As part of the project, a research team from the Leeds Sustainability Institute at Leeds Beckett University will be undertaking a Use Case Study using the data contained within the SERL secure research portal.
The Case Study is based upon the fact that in winter, dwellings experience a time lag between turning on the central heating system and the dwelling reaching its desired internal set point temperature. Consequently, this project aims to characterise the building’s thermal response and quantify the amount of time it takes for dwellings to heat up to the desired internal set point temperature during winter, and thus the amount of time in which they are spent in thermal discomfort. The time taken can be defined as a ‘heat-up time lag’.
Characterisation of building thermal response, along with analysis and quantification of the ‘heat-up time lag’, will also enable the identification of those dwellings that are most vulnerable to extreme weather events. In addition, it will also be invaluable when considering and understanding the impact that extreme weather events and future climate scenarios could have on the energy and thermal performance of the housing stock.
Which organisations are running this – and how is it funded?
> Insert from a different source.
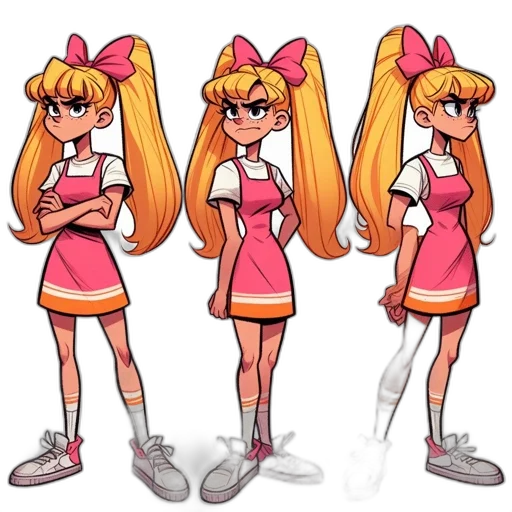 dress, staff, concept art, cartoon transparent PNG cut-out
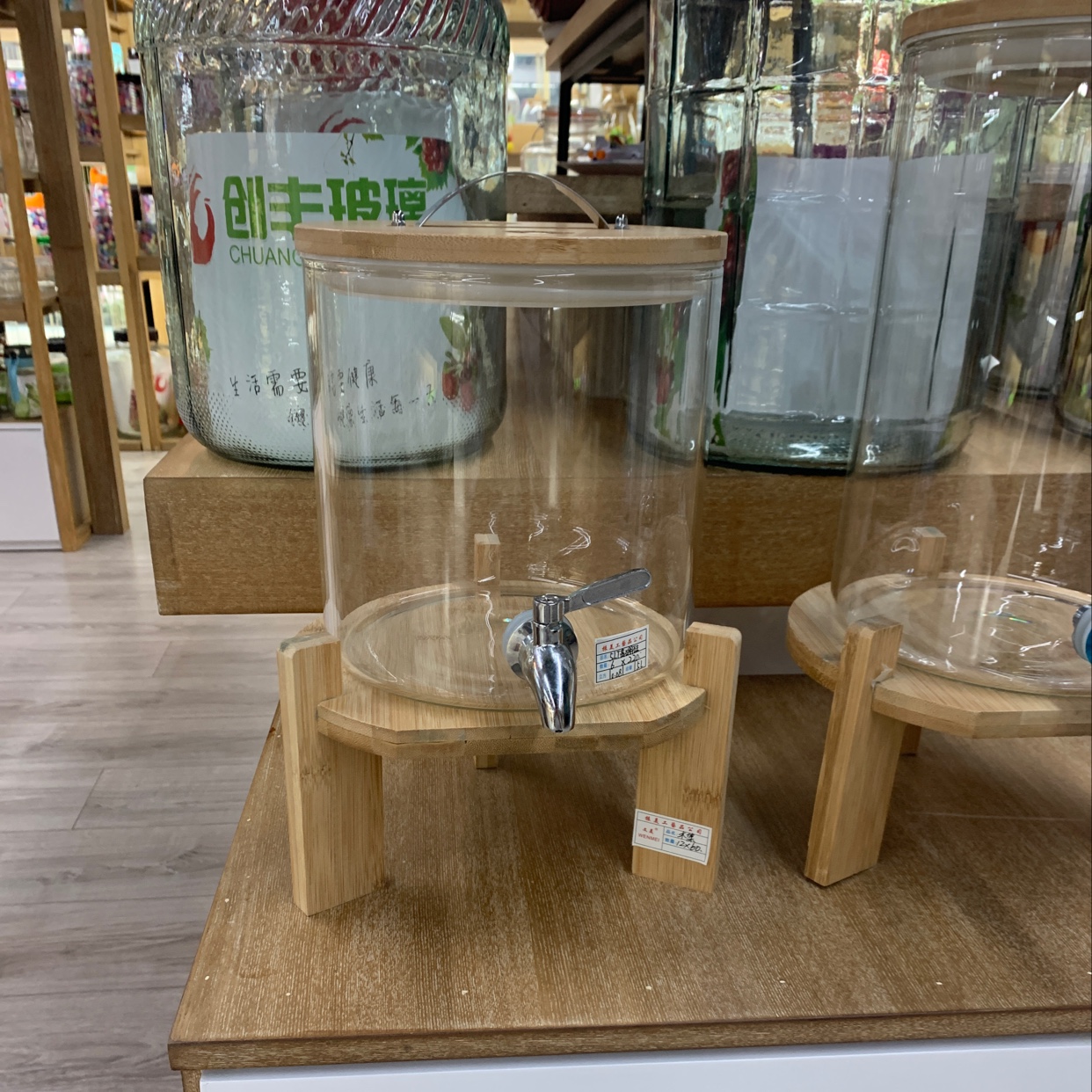 5升高硼硅密封玻璃酒桶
The five-year SERL project is run by a consortium of seven UK universities* and the Energy Saving Trust and is funded by UKRI’s Engineering and Physical Sciences Research Council.
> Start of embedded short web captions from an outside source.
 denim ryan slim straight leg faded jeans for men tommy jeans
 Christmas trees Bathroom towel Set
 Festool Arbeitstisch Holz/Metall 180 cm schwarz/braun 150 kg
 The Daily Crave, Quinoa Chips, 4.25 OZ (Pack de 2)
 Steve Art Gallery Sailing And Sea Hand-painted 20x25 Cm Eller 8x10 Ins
What work have you been doing?
The SERL consortium team have been working since August 2017 to develop the complex technical and data governance structures needed to ensure that energy consumption data is gathered from consenting households in full accordance with the relevant legislation, including GDPR and the Smart Energy Code.
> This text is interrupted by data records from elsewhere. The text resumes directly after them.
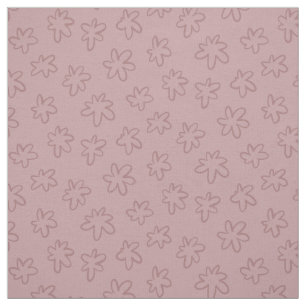Eenvoudige roze Abstract Hand getrokken bloemen Stof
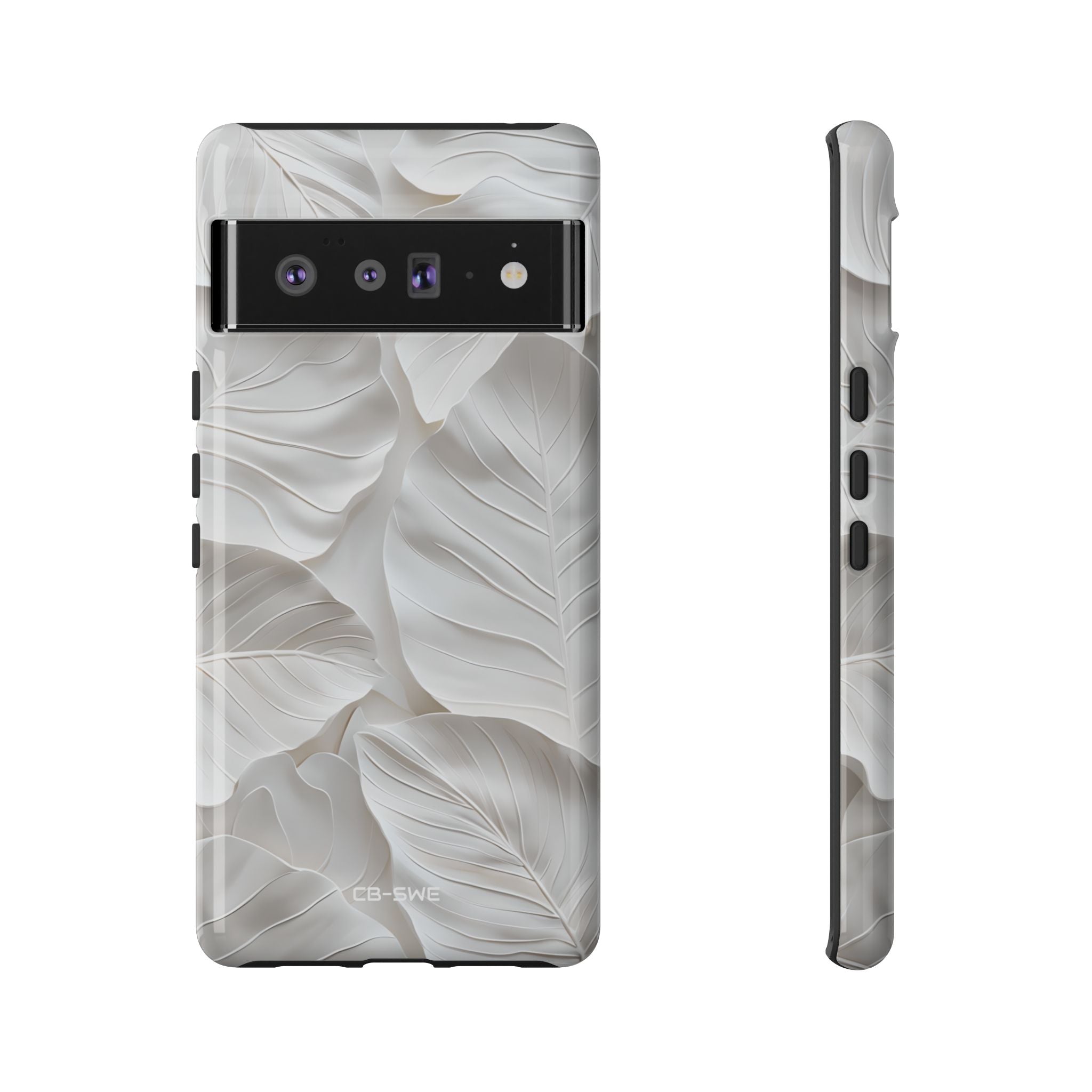 Elegant Leaf Relief - Google Pixel Case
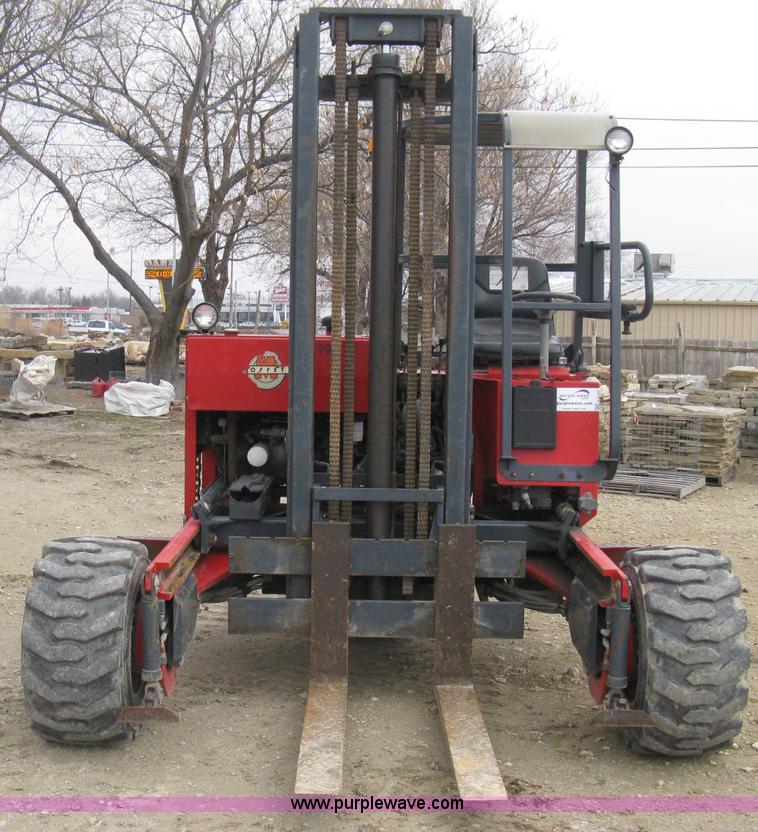 image for item E3077 1997 Moffett M5000 piggy back forklift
Data will be stored on a state-of-the-art big data platform at the UK Data Archive, hosted at the University of Essex. From here, accredited UK academic researchers will get controlled access to appropriate data for approved research projects via a secure research portal. Project applications will be assessed by a data governance board to ensure that their use of the data complies with SERL’s rigorous data governance and ethical protocols.
Whose household energy usage data are you looking at?
The SERL team have been working with Ipsos MORI to recruit participants from England, Scotland and Wales that have a DCC-enrolled smart electricity and/or gas meter. The overall target is to recruit 8-10,000 participating households.
If you are interested in learning more about using SERL data, visit serl.ac.uk.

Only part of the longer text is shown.